In some cases, inspectors found under-manned hospitals, poor standards to cope with infections, poorly maintained operating theatres, or ones where patients were left ignored for hours on trolleys.

The hospital trusts are: Essex’s Basildon and Thurrock, Burton, in Staffordshire; Medway, in Kent; North Lincolnshire and Goole; Nottinghamshire’s Sherwood Forest and the Tameside trust in greater Manchester.

Promising tougher standards for NHS managers, health secretary Jeremy Hunt warned that incapable executives would be fired and blocked from getting well- paid posts elsewhere in the service.

Though deeply worrying, the report, by the NHS England’s medical director Bruce Keogh, is separate from the inquiry that led to disclosures of catastrophic levels of care blamed for the deaths of several thousand people in Staffordshire. In his report, Mr Keogh said: “We found pockets of excellent practice in all 14 of the trusts reviewed. However, we also found significant scope for improvement, with each needing to address an urgent set of actions in order to raise standards of care.

“These organisations have been trapped in mediocrity, which I am confident can be replaced by a sense of ambition if we give staff the confidence to achieve excellence.”

‘Never events’
In some cases, hospital trust management were “shockingly unaware” of the problems found by the inspectors.
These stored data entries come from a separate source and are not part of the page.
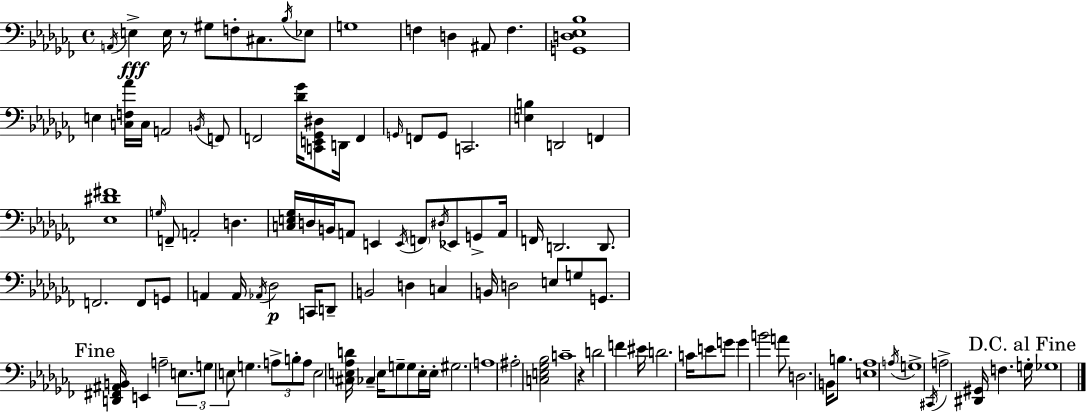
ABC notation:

X:1
T:Untitled
M:4/4
L:1/4
K:Abm
A,,/4 E, E,/4 z/2 ^G,/2 F,/2 ^C,/2 _B,/4 _E,/2 G,4 F, D, ^A,,/2 F, [G,,D,_E,_B,]4 E, [C,F,_A]/4 C,/4 A,,2 B,,/4 F,,/2 F,,2 [_D_G]/4 [C,,E,,_G,,^D,]/2 D,,/4 F,, G,,/4 F,,/2 G,,/2 C,,2 [E,B,] D,,2 F,, [_E,^D^F]4 G,/4 F,,/2 A,,2 D, [C,E,_G,]/4 D,/4 B,,/4 A,,/2 E,, E,,/4 F,,/2 ^D,/4 _E,,/2 G,,/2 A,,/4 F,,/4 D,,2 D,,/2 F,,2 F,,/2 G,,/2 A,, A,,/4 _A,,/4 _D,2 C,,/4 D,,/2 B,,2 D, C, B,,/4 D,2 E,/2 G,/2 G,,/2 [D,,^F,,^A,,B,,]/4 E,, A,2 E,/2 G,/2 E,/2 G, A,/2 B,/2 A,/2 E,2 [^C,E,_A,D]/4 _C, E,/4 G,/2 G,/2 E,/4 E,/4 ^G,2 A,4 ^A,2 [C,E,_G,_B,]2 C4 z D2 F ^E/4 D2 C/4 E/2 G/2 G B2 A/2 D,2 B,,/4 B,/2 [E,_A,]4 A,/4 G,4 ^C,,/4 A,2 [^D,,^G,,]/4 F, G,/4 _G,4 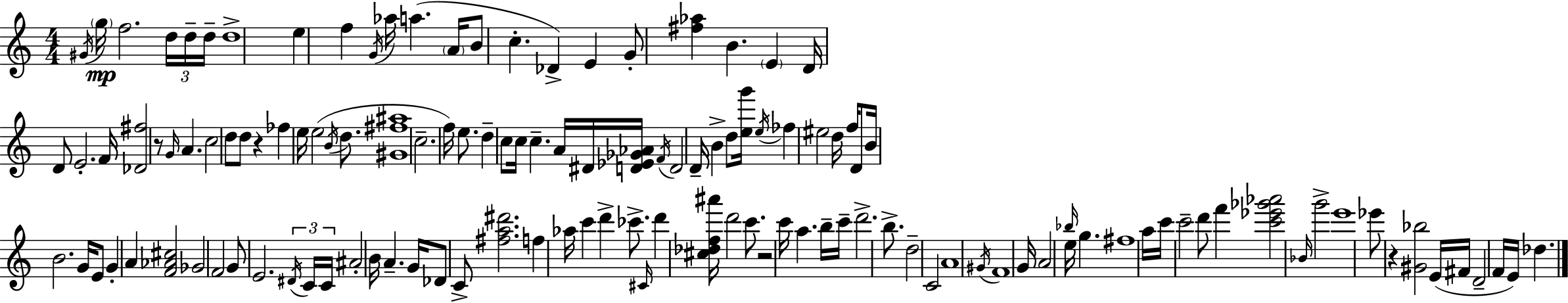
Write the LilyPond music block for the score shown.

{
  \clef treble
  \numericTimeSignature
  \time 4/4
  \key c \major
  \repeat volta 2 { \acciaccatura { gis'16 }\mp \parenthesize g''16 f''2. \tuplet 3/2 { d''16 d''16-- | d''16-- } d''1-> | e''4 f''4 \acciaccatura { g'16 } aes''16 a''4.( | \parenthesize a'16 b'8 c''4.-. des'4->) e'4 | \break g'8-. <fis'' aes''>4 b'4. \parenthesize e'4 | d'16 d'8 e'2.-. | f'16 <des' fis''>2 r8 \grace { g'16 } a'4. | c''2 d''8 d''8 r4 | \break fes''4 e''16 e''2( | \acciaccatura { b'16 } d''8. <gis' fis'' ais''>1 | c''2.-- | f''16) e''8. d''4-- c''8 c''16 c''4.-- | \break a'16 dis'16 <d' ees' ges' aes'>16 \acciaccatura { f'16 } d'2 d'16-- b'4-> | d''8 <e'' g'''>16 \acciaccatura { e''16 } fes''4 eis''2 | d''16 f''16 d'8 b'16 b'2. | g'16 e'8 g'4-. a'4 <f' aes' cis''>2 | \break ges'2 f'2 | g'8 e'2. | \tuplet 3/2 { \acciaccatura { dis'16 } c'16 c'16 } ais'2-. b'16 | a'4.-- g'16 des'8 c'8-> <fis'' a'' dis'''>2. | \break f''4 aes''16 c'''4 | d'''4-> ces'''8.-> \grace { cis'16 } d'''4 <cis'' des'' f'' ais'''>16 d'''2 | c'''8. r2 | c'''16 a''4. b''16-- c'''16-- d'''2.-> | \break b''8.-> d''2-- | c'2 a'1 | \acciaccatura { gis'16 } f'1 | g'16 a'2 | \break \grace { bes''16 } e''16 g''4. fis''1 | a''16 c'''16 c'''2-- | d'''8 f'''4 <c''' ees''' ges''' aes'''>2 | \grace { bes'16 } g'''2-> e'''1 | \break ees'''8 r4 | <gis' bes''>2 e'16( fis'16 d'2-- | f'16 e'16) des''4. } \bar "|."
}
Two operating theatres in hospitals in Cumbria were in such poor condition that they were “closed immediately”, while a number of hospitals in Lincolnshire reported 12 so-called never events in three years. The inquiry prompted a battle in the Commons yesterday between the health secretary and his Labour predecessor, Andy Burnham, with Mr Hunt claiming Labour had hidden evidence of poor treatment.
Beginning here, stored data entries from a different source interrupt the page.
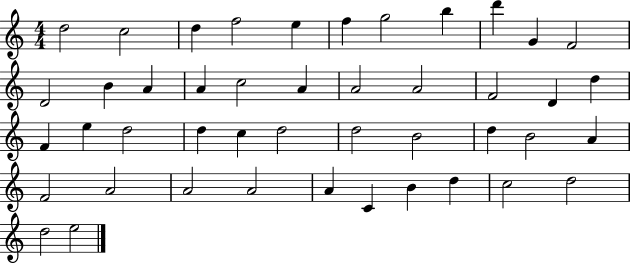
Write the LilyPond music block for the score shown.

{
  \clef treble
  \numericTimeSignature
  \time 4/4
  \key c \major
  d''2 c''2 | d''4 f''2 e''4 | f''4 g''2 b''4 | d'''4 g'4 f'2 | \break d'2 b'4 a'4 | a'4 c''2 a'4 | a'2 a'2 | f'2 d'4 d''4 | \break f'4 e''4 d''2 | d''4 c''4 d''2 | d''2 b'2 | d''4 b'2 a'4 | \break f'2 a'2 | a'2 a'2 | a'4 c'4 b'4 d''4 | c''2 d''2 | \break d''2 e''2 | \bar "|."
} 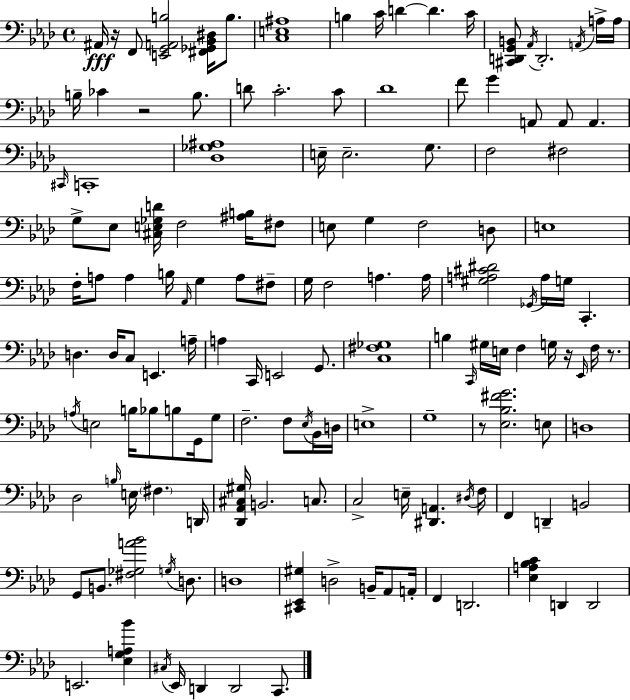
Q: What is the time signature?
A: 4/4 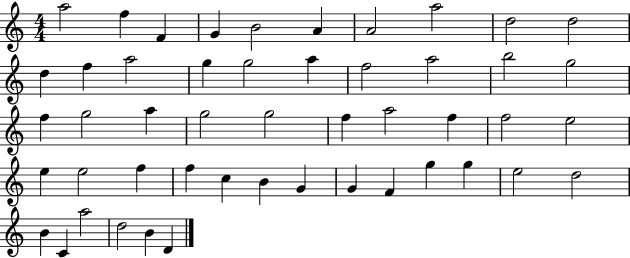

The Keogh investigation into high mortality figures in 14 hospital trusts dealt with cases in 2011 and 2012 – after Labour had left office, Mr Burnham told the Commons. Claiming that Labour had “covered up weak hospital leadership” and failed to deliver compassionate care for patients, Mr Hunt said: “We owe it to the three million people who use the NHS every week to tackle and confront mediocrity and inadequate leadership head on.”

Weekend briefings by the secretary of state’s office talked of 13,000 “unnecessary” deaths: “There’s nothing about that in Keogh. And Keogh actually is a very balanced report, saying that in the vast majority of cases, the NHS gets it right.”